Quelles sont les situations rencontrées ?
Le législateur a disposé que la commune devait prendre en charge l’organisation des funérailles des personnes décédées sur son territoire en l’absence de personnes habilitées à le faire. Cette obligation s’inscrit dans les pouvoirs de police dont est détenteur le maire, garant du maintien de la salubrité, puisqu’un corps doit impérativement être soit enseveli, soit crématisé, en raison des problèmes d’hygiène rapidement posés par sa dégradation.
Deux situations peuvent alors se présenter :
- le défunt n’avait pas de famille, mais dispose d’un actif successoral permettant le financement des obsèques ;
- le défunt ne dispose pas d’actif successoral suffisant et sa famille est retrouvée après les funérailles.
Les frais d’obsèques sont prélevés en priorité sur les biens de la succession. Si l’actif successoral est insuffisant, ils sont assimilés à une dette alimentaire et les descendants et les ascendants du défunt sont tenus au règlement des frais d’obsèques, même s’ils ont renoncé à la succession. Si leurs moyens sont insuffisants, la procédure prévue pour les obsèques des personnes dépourvues de ressources suffisantes doit être mise en œuvre.
La participation de chacun est calculée au prorata de ses ressources. Les dépenses engagées ne doivent pas être somptuaires, c’est-à-dire d’un montant excessif imputable à des prestations luxueuses. C’est le juge qui statuera en cas de litige entre les obligés alimentaires.
En savoir plus
Les frais funéraires sont des frais analysés par le Code civil comme des frais liés à la succession de la personne décédée. Ils font d’ailleurs l’objet d’un privilège général institué sur les meubles (C. civ., art. 2331). Il s’agit d’une priorité de paiement dont jouit le bénéficiaire sur la vente des meubles du défunt. Ce privilège est placé en seconde position après les frais de justice. Il n’est dû qu’à concurrence des frais strictement nécessaires aux obsèques.

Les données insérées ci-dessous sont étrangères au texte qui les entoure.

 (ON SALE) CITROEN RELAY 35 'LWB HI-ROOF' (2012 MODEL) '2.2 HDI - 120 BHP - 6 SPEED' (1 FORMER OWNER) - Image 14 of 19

Les frais funéraires sont assimilables à l’obligation alimentaire : 1re chambre civile de la Cour de cassation du 14 mai 1992 : "Lorsque l’actif successoral ne permet pas de faire face aux frais d’obsèques, l’enfant, tenu de l’obligation alimentaire à l’égard de ses ascendants, doit, même s’il a renoncé à la succession, assumer la charge de ces frais, dans la proportion de ses ressources".

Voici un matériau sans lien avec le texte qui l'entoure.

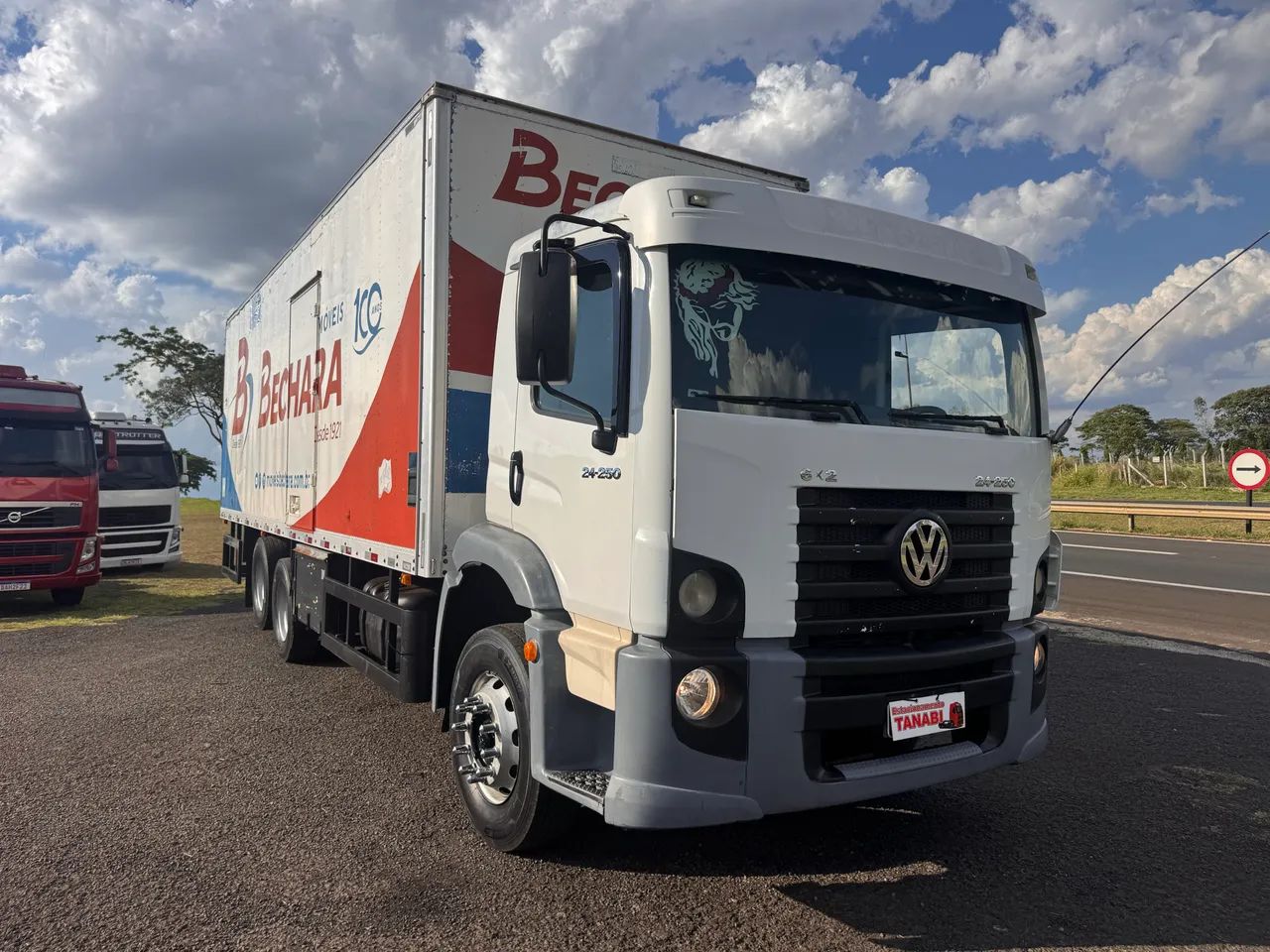 VW 24250 ANO 2011/12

D’autres articles du Code civil peuvent être rappelés :
- l’art. 205 du Code civil : "Les enfants doivent des aliments à leurs père et mère ou autres ascendants qui sont dans le besoin".
- l’art. 371 du Code civil : "L’enfant, à tout âge, doit honneur et respect à ses père et mère".
- l’art. 806 du Code civil : "Le renonçant n’est pas tenu au paiement des dettes et charges de la succession. Toutefois, il est tenu à proportion de ses moyens au paiement des frais funéraires de l’ascendant ou du descendant de la succession duquel il renonce".
|
Par ailleurs, lorsqu’un des parents est désigné comme bénéficiaire d’une assurance décès souscrite par son fils, l’autre parent doit néanmoins payer sa part des frais d’obsèques du fils au titre de son obligation alimentaire, même si le montant de la somme
versée correspond au coût des obsèques effectivement payé, puisque la somme payée par la compagnie d’assurances non seulement ne fait pas partie de la succession, mais encore ne connaît pas d’affectation juridique au paiement des funérailles (Cass. 1re civ., 25 juin 2002, n° 99-16391). Ce principe est confirmé dans un arrêt de la Cour de cassation, 1re chambre civile, 17 mars 2010, Mme Élisabeth Pieters.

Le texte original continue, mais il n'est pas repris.